The way Akerlof and Shiller present the history of the idea, it was mainstream before Milton Friedman and like-minded economists tore it down starting around 1967 and culminating by the end of the 1970s, although they hint that the idea may be seeing a rebirth. As an outsider, my first question is — “is that true?” I searched JSTOR for “money illusion” and plotted over time the fraction of all articles in JSTOR that contain this term:
Although the term was coined earlier, the first appearance in JSTOR is a 1913 article by Irving Fisher, and the surge around 1928 – 1929 is due to commentary on his book titled Money Illusion. Academics were still talking about it somewhat through 1934, probably because the worst phase of the Great Depression spurred them to try to figure out what went wrong. The idea becomes more discussed during World War II, and especially afterwards when Keynesian thought swept throughout the academic and policy worlds within the developed countries. In the mid-’50s, the term decelerates and then declines in usage, although the policies of its believers are still in full swing. I interpret this as showing that from the end of WWII to the mid-’50s, their ideas were debated more and more, and after this point they considered the matter settled.
Starting in the mid-late-1960s, though, the term begins to surge in usage to even greater heights than before, peaking in 1975, and plummeting afterward. This of course parallels the questioning of many of the ideas taken for granted during the Golden Age of American Capitalism, and the transition to Friedman-inspired thinking in academia and Thatcher-inspired thinking in public policy. Party affiliation clearly does not matter, since the mid-’40s to mid-’60s phase showed bipartisan support for Keynesian thinking, and after the mid-’70s there was also a bipartisan consensus on theory and policy applications. I interpret this second rise and fall as a re-ignited debate that was then considered a resolved matter — only this time with the opposite conclusion as before, i.e. that “everyone knows” now that money illusion is irrational and therefore doesn’t exist.
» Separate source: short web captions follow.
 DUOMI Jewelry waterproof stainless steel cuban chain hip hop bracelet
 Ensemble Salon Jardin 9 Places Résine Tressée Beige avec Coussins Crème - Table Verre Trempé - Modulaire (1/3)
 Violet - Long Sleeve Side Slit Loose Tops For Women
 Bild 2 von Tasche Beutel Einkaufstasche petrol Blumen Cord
The data end in 2003, since there’s typically a five-year lag between the publication date of an article and its appearance in JSTOR. So, unfortunately I can’t use this method to confirm or disconfirm Akerlof and Shiller’s hints that the idea might be on its way to becoming mainstream in the near future. Whatever the empirical status of money illusion turns out to be — and it does look like it’s real — the bigger question is whether or not economists will return to a serious, empirical consideration of psychology — both the universal features (however seemingly irrational), as well as the individual differences that allow Milton Friedman to easily work through a 10-step-long chain of backwards induction, but not a typical working class person, who isn’t smart enough to get into college (and these days, that’s saying a lot). If all the positive press, not to mention book deals, that Shiller is getting are any sign, the forecast looks optimistic.